Grassley Q&A on Civil Asset Forfeiture

Criminal Asset ForfeitureFrom Press Release

 

Q:        What is civil asset forfeiture?

A:        Asset forfeiture is a crime-fighting tool that enables law enforcement to seize cash or property that’s considered linked to illicit activity.  The theory behind the asset forfeiture system is to choke off the funding stream used to bankroll criminal ventures, such as drugs and human trafficking or money laundering.  I agree that it’s a worthy and important public policy to help thwart crime.  However, it seems that sometimes law enforcement authorities increasingly have used civil asset forfeiture as a funding source for the government with thin regard for civil rights and without enough focus on actual criminal activity.  Investigations by journalists and civil liberties advocates have exposed perverse incentives that have nudged enforcement of forfeiture laws off kilter with constitutional principles.  It doesn’t seem to pass constitutional muster when our system of justice allows law enforcement entities to prioritize their funding above the rights of law-abiding citizens.  Essentially, a profit motive is trampling the rights of those who, in many cases, aren’t even accused or convicted of wrongdoing.  This conflict of interest tips the scales against the centuries-long standard of innocence until proven guilty. As a result, law-abiding people get caught up in an overaggressive dragnet.  Enough is enough.  Reforms enacted in 2000 haven’t resulted in a strong enough check to curb this abusive overreach by the government.  It’s time to recalibrate and reform key provisions so that public good and public safety comes from the appropriate use of federal asset forfeiture laws.

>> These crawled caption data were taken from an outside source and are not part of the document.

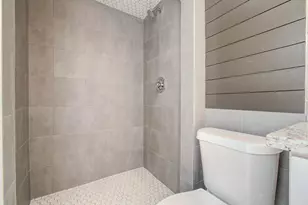 9410 Highmeadow Dr, Houston, TX 77063 - Photo 25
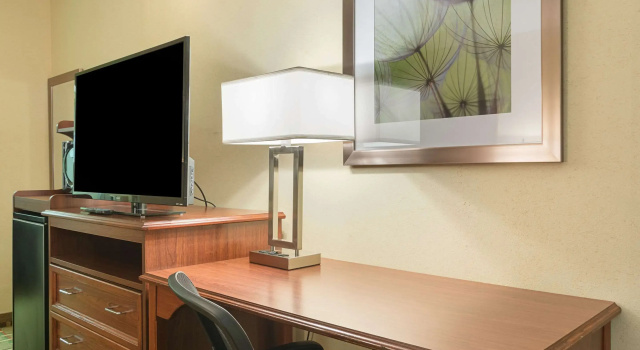 Четырёхместный номер Standard Quality Inn Hartwell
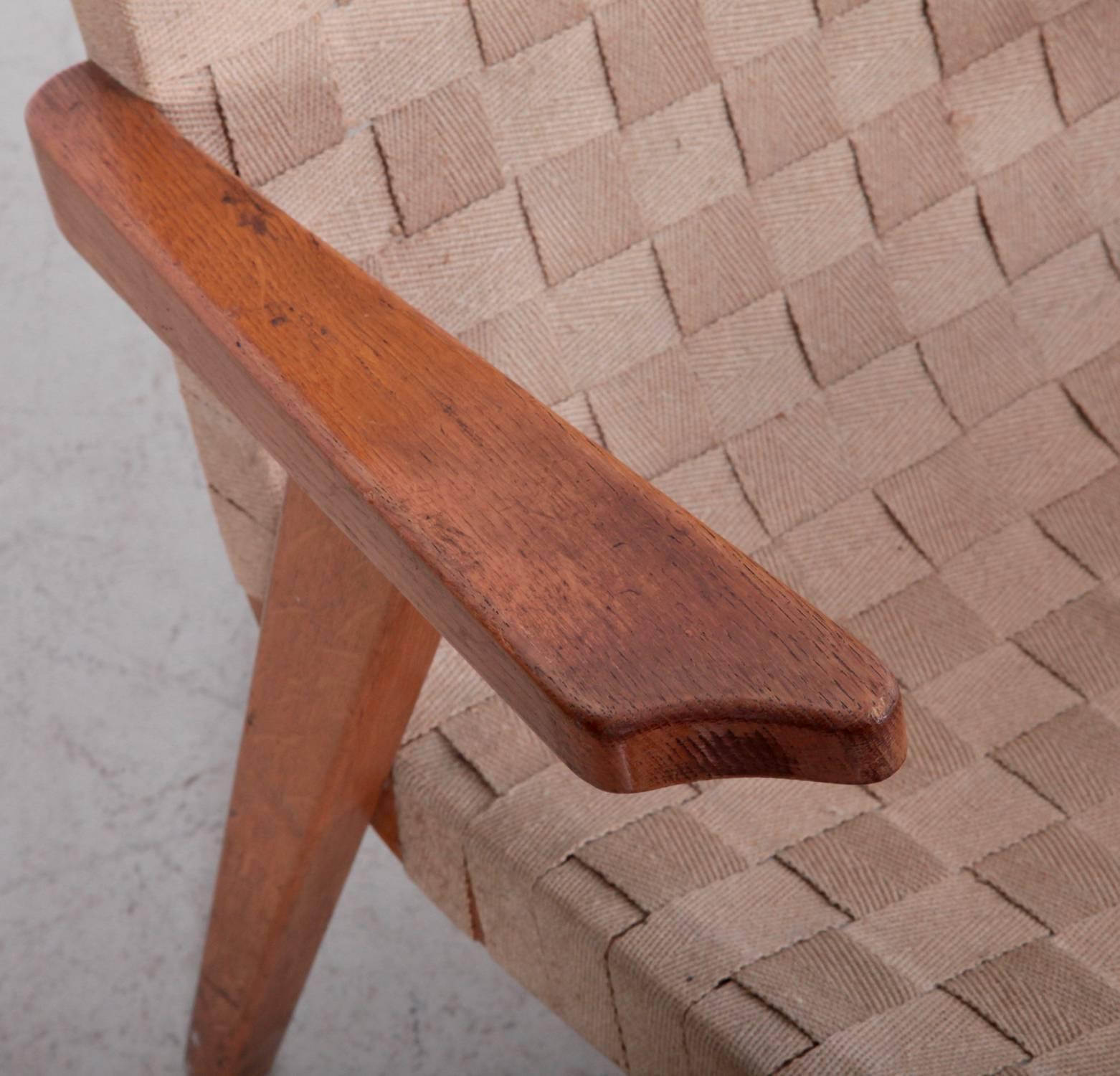 Pair of Jens Risom Lounge Arm Chairs in Solid Oak for Knoll, France In Good Condition In Berlin, DE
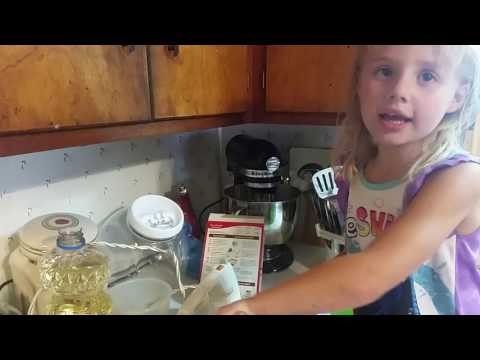 BAKING MOMMY'S BIRTHDAY CAKE (4)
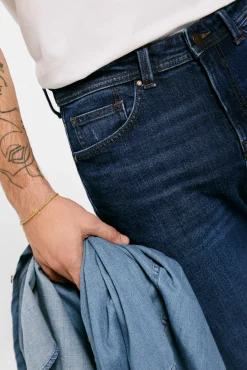 Jeans Slim Lavado Medio Oscuro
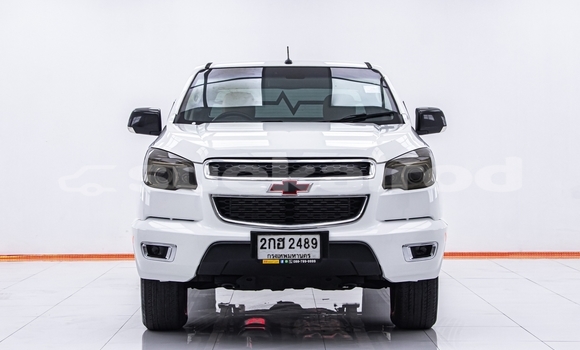 Buy Used Chevrolet Colorado White Car in Bangkok in Bangkok
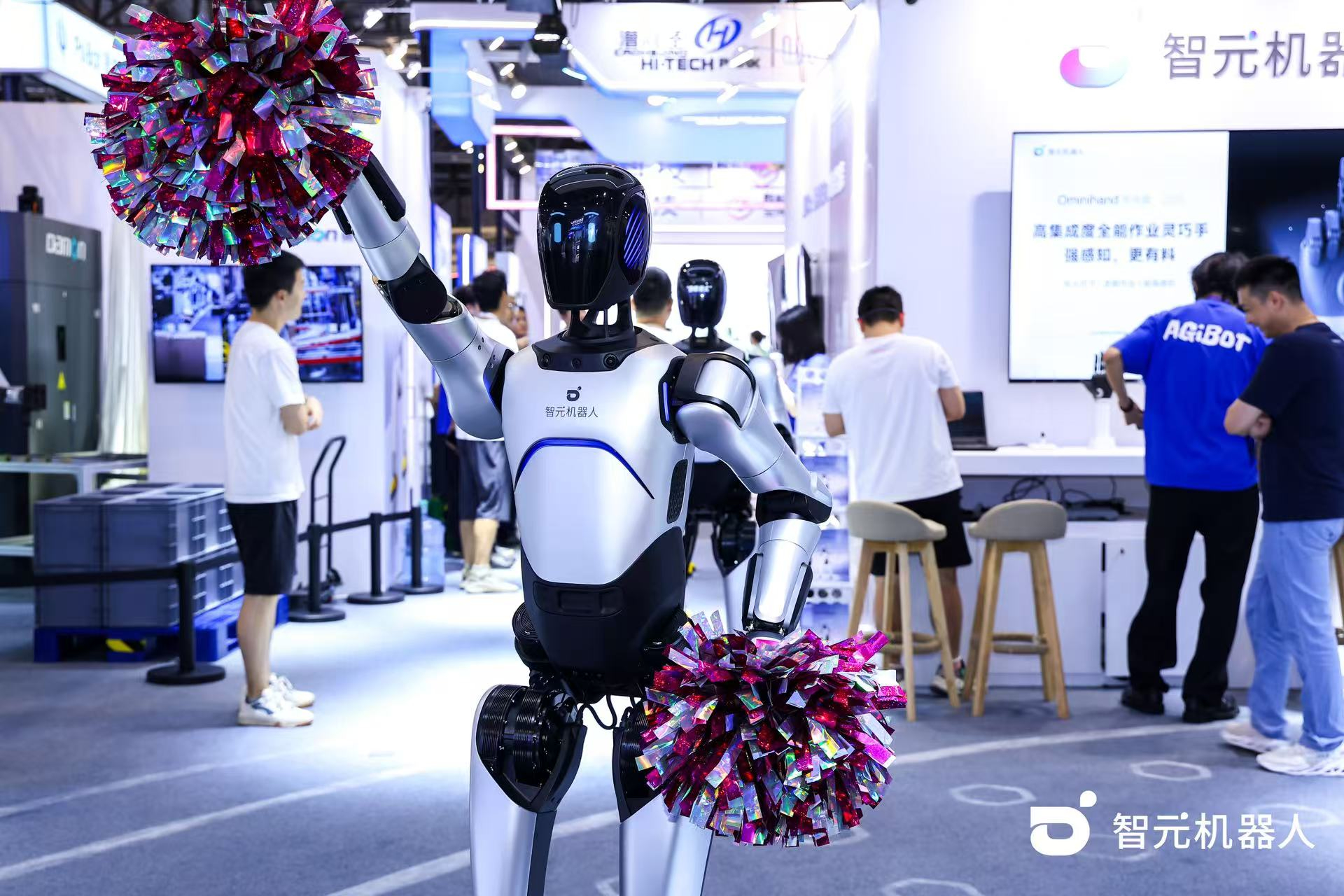 ok138太阳集团机器人 WAIC 首日展台火爆，机器...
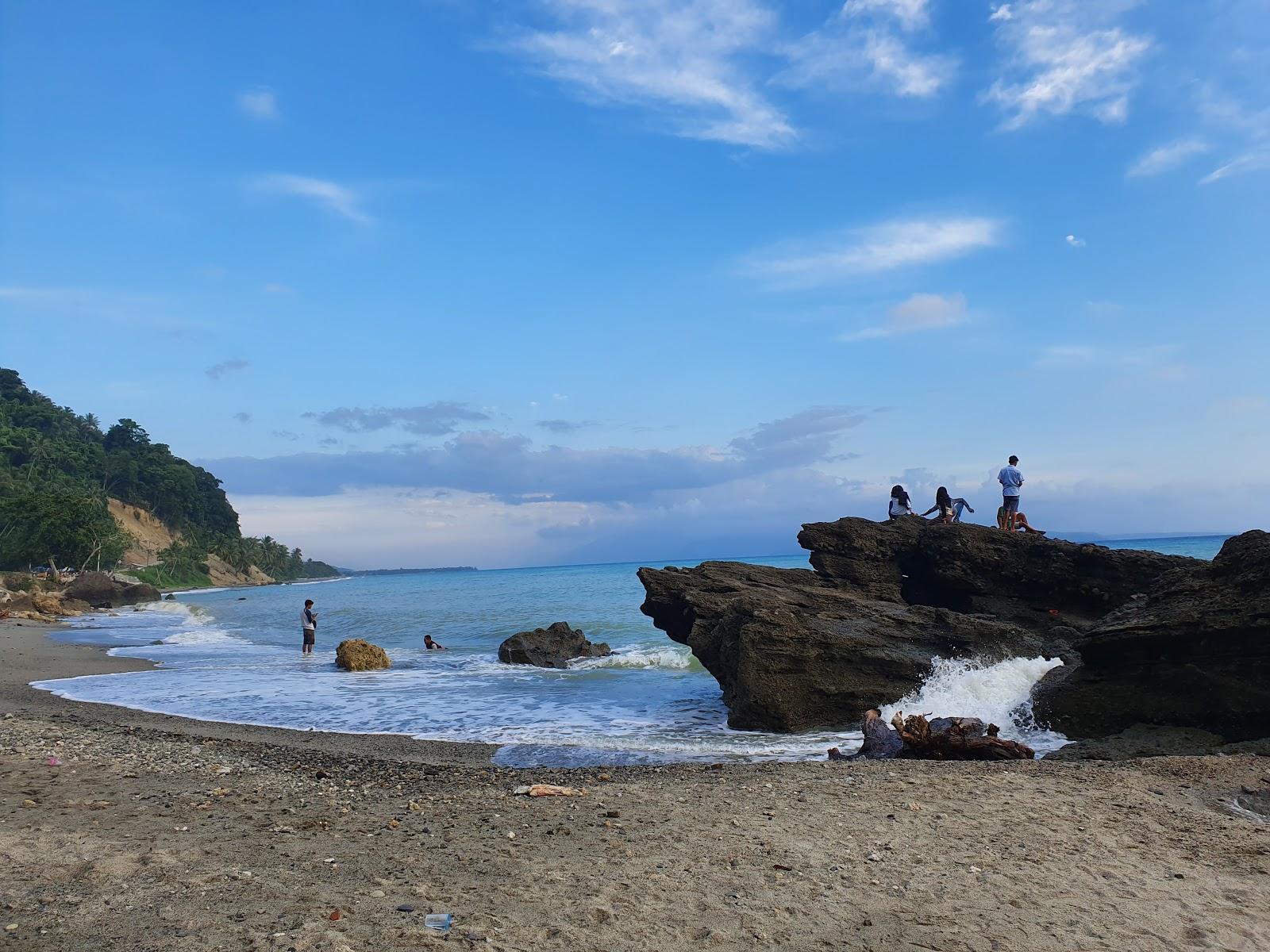 Sandee Enu Beach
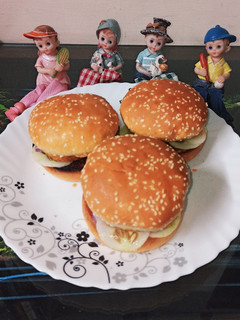 वेज बर्गर (Veg burger recipe in hindi) रेसिपी मुख्य फोटो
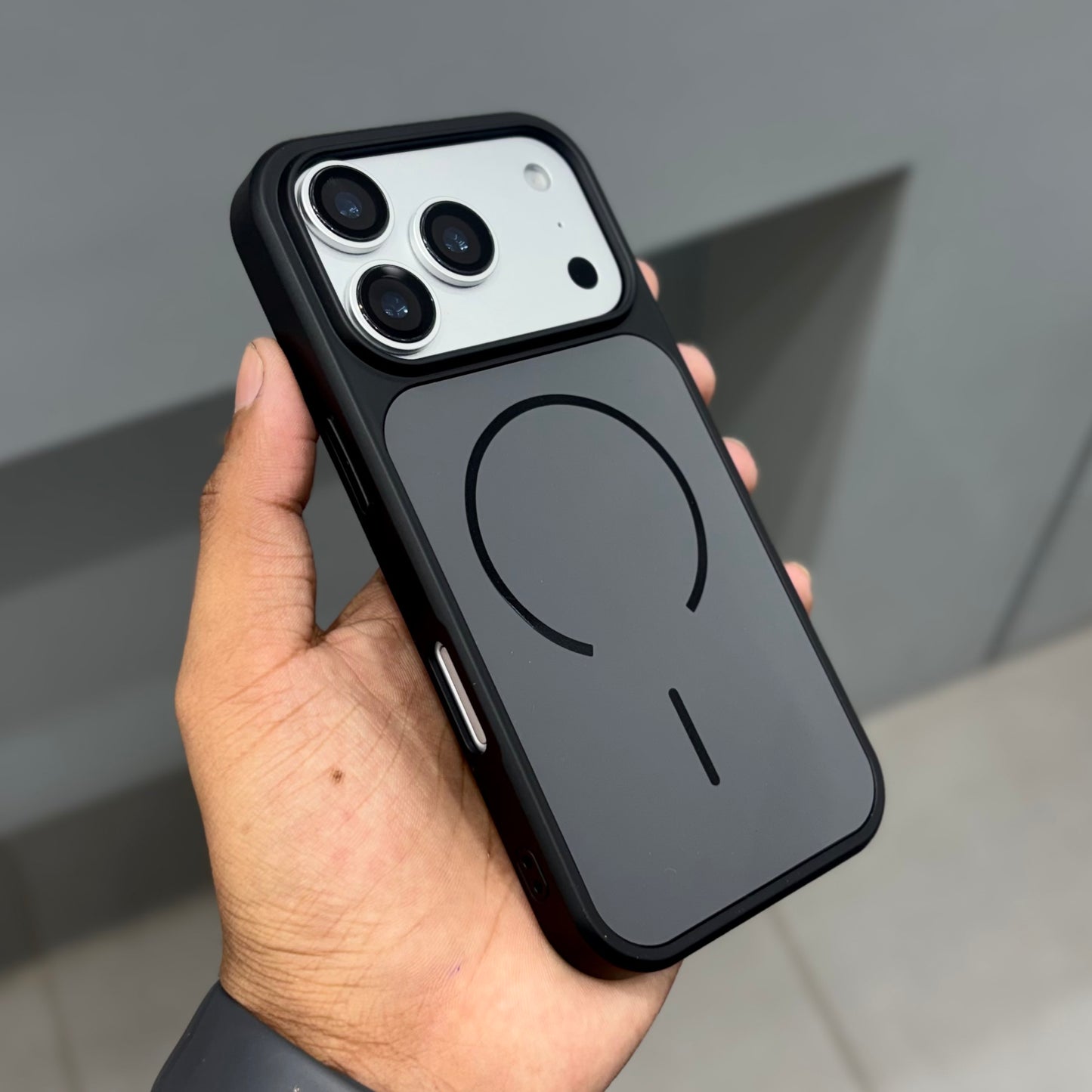 DYNAMYK COOP Case with Magsafe - Black ( No. 2229)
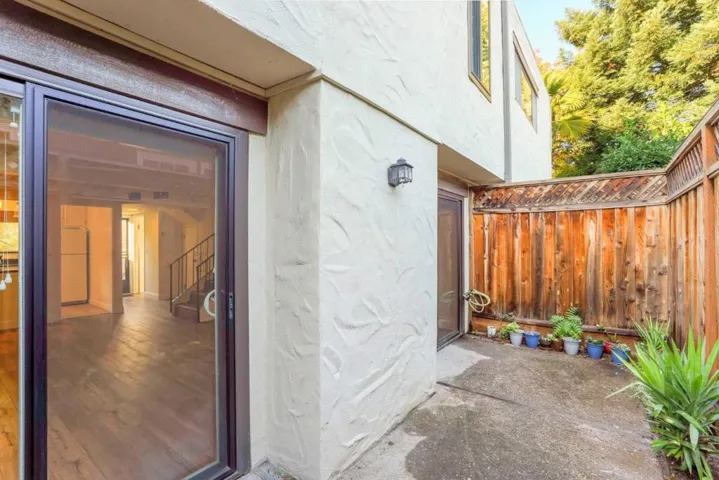 1229 Mills Street, Menlo Park, California 94025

 Q:        What’s going wrong with the forfeiture system?

A:        The idea that the government can seize and forfeit personal property, cars, cash and bank accounts, under the guise of law enforcement, with a lower burden of proof and very little procedural protections for individuals and small business owners, seems unheard of in a nation founded upon limited government, due process and fundamental civil liberties.  As chairman of the Senate Judiciary Committee, I called a congressional hearing in April to take a closer look at federal civil asset forfeiture and how it’s being enforced.  The Justice Department administers a program called the Equitable Sharing Program.  It allows local law enforcement to keep up to 80 percent of the assets that they seize.  The trajectory of the program has climbed considerably in recent years, by the billions of dollars.  Those who have been mistreated by forfeiture have their lives and livelihoods turned upside down.  It has put law-abiding citizens in the crosshairs of an unfair process that produces profits for police but undermines the value of the forfeiture laws to target crime.  Legislation is needed to rein in abuses and prevent government overreach.

Q:        What reforms would help fix the flaws in the law?

A:        I’m working to draft bipartisan reforms to fix these flaws.  For starters, the direct quid pro quo between asset forfeiture and funding should be eliminated.  Law enforcement shouldn’t be relying on funds obtained from forfeiting the particular assets that they have seized or shift crime-fighting priorities based on financial considerations.  In addition, real procedural reforms must be enacted for people whose assets are seized, including prompt timelines for government action and the ability to challenge the seizure promptly before a judge.  And, individuals who cannot afford a lawyer to guide them through the system should be provided one.  Part of addressing this problem lies in reversing the Supreme Court’s recent decision that allows the government to prevent people from showing that they need access to their seized funds to hire a lawyer.  We also need to codify changes in the use of civil asset forfeiture in structuring cases, where small business owners like Iowa’s Carole Hinders get unfairly caught up in forfeiture for depositing money in a bank without any indication of any underlying crime.  The government’s burden of proof for forfeiting assets needs to be raised.

It’s clear the current process isn’t working as Congress intended.  It is time to end seizure for suspicion’s sake and enact reforms that will help restore the proper mission of asset forfeiture laws and rebuild credibility in our law enforcement agencies.